There are schools that have programmes that help (for example, the Peer Sexuality Support Programme) but the nature of the students who would benefit from this, sometimes precludes active involvement.
Try to put yourself for a moment in the shoes of a transgender person. The world is not designed for you. All the messages you have received from a very young age, portray heterosexuality as the norm (well it is if you take a definition that equates the majority as heterosexual). Advertising, culture, religion, fashion, all push an ideal that is far removed from your reality. How do you survive in a world where you do not belong? Now throw in the battleground that being a teenager represents and you have a pretty powerful mix that alienates you, just at a time when you need reassurance.
By now, you may well have decided it is all a bit much. If that’s how you feel, then once again, take a moment to ‘feel’ what it’s like for a young transgender person. It is hard enough for a teenager struggling with gay or lesbian issues, at a time when the mind and body don’t always follow mainstream patterns. A transgender person will have probably worked out that they are different in a real sense of the word. For gays and lesbians there is a lot more out there, in the way of support, literature and support groups that may help with self-realization. They still have a difficult pathway, but their access to positive role models places them in a slightly less precarious position.

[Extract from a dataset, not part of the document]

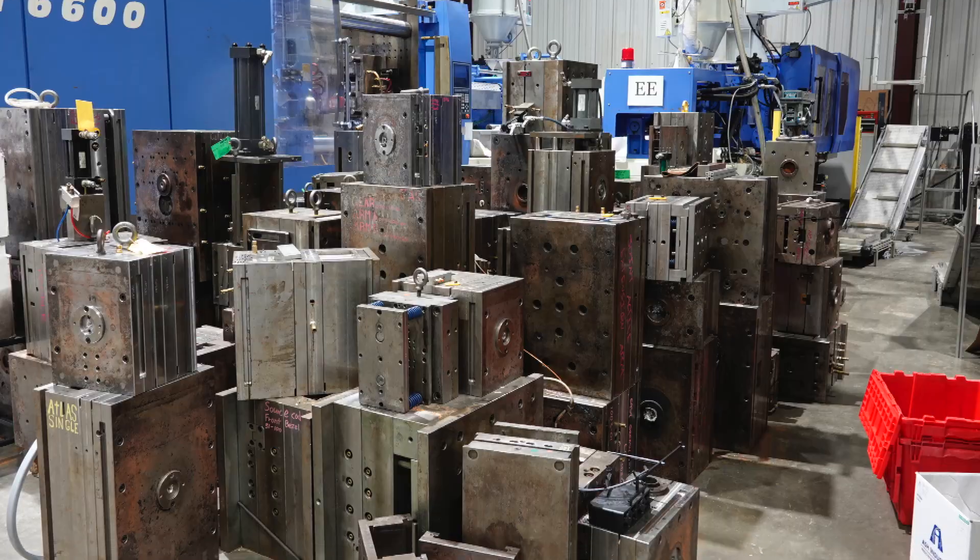We do specialize in high-volume parts for certain customers. We'll make you high cavity molds — we have 64 cavity molds running. We can get up to four or five million parts a month if that's what you need.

Take the example of ‘what toilet to use.’ I am well aware that for a transgender person, this creates some particularly difficult issues. If they are presenting as a female, then one would think that the girls’ toilets would be the best choice. Not so---- it doesn’t take long for the ‘rumour machine’ to start its nasty machinations and before long, somebody may or will complain. It is not as simple as ignoring such complaints in a school. The same would apply if the person used the boys’ toilets. Can you imagine the implications and possibilities?
We need to take the pressure off the young person. This may well involve a bit of reorganizing the options. One could have the person use the nurses’ toilets, but that is not always possible. There may be other toilets around the school that could be redesignated as ‘unisex’ toilets. As a school, we must find solutions. If this involves finding the finance to achieve this, then so be it.
What about the issue of ‘correct uniform?' Some schools have allowed transgender persons to dress as they see fit, that is as a male or female. minus of course the tendency for some students to go ‘a bit’ overboard with their make-up. That can be sensibly addressed by having policies around make-up generally; that it must be discreet and not ‘scream out at us.’ I trust schools to have the common sense to find solutions to that problem.
Schools must actively build their support structures for all students as part of their ‘school-wide policies.’ For too long however, the issue of transgender, gay, lesbian and bisexual students has been pushed into the background--- a sort of ‘ostrich in the sand approach.’ ‘Try not to think about it and maybe nothing will happen.’ Sorry---- those days should be long gone. We must help all students to reach their full potential and if that means that as institutions we face uncomfortable issue full-on, then do that we will.